#### TASK INPUTS ####

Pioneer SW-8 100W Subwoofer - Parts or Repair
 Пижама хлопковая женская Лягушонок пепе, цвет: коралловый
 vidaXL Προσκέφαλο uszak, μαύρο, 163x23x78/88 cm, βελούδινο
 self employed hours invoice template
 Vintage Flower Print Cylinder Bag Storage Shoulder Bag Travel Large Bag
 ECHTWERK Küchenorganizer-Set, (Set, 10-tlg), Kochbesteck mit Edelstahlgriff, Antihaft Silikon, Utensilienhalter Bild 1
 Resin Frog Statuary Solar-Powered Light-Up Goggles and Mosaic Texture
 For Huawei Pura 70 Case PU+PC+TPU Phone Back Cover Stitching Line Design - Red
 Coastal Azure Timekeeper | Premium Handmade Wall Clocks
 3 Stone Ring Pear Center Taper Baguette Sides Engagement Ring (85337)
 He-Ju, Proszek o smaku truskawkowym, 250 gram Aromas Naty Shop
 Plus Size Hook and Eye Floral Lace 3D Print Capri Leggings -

####

Repeat the records above with every character intact.

**FINISHED TASK**
Pioneer SW-8 100W Subwoofer - Parts or Repair
 Пижама хлопковая женская Лягушонок пепе, цвет: коралловый
 vidaXL Προσκέφαλο uszak, μαύρο, 163x23x78/88 cm, βελούδινο
 self employed hours invoice template
 Vintage Flower Print Cylinder Bag Storage Shoulder Bag Travel Large Bag
 ECHTWERK Küchenorganizer-Set, (Set, 10-tlg), Kochbesteck mit Edelstahlgriff, Antihaft Silikon, Utensilienhalter Bild 1
 Resin Frog Statuary Solar-Powered Light-Up Goggles and Mosaic Texture
 For Huawei Pura 70 Case PU+PC+TPU Phone Back Cover Stitching Line Design - Red
 Coastal Azure Timekeeper | Premium Handmade Wall Clocks
 3 Stone Ring Pear Center Taper Baguette Sides Engagement Ring (85337)
 He-Ju, Proszek o smaku truskawkowym, 250 gram Aromas Naty Shop
 Plus Size Hook and Eye Floral Lace 3D Print Capri Leggings -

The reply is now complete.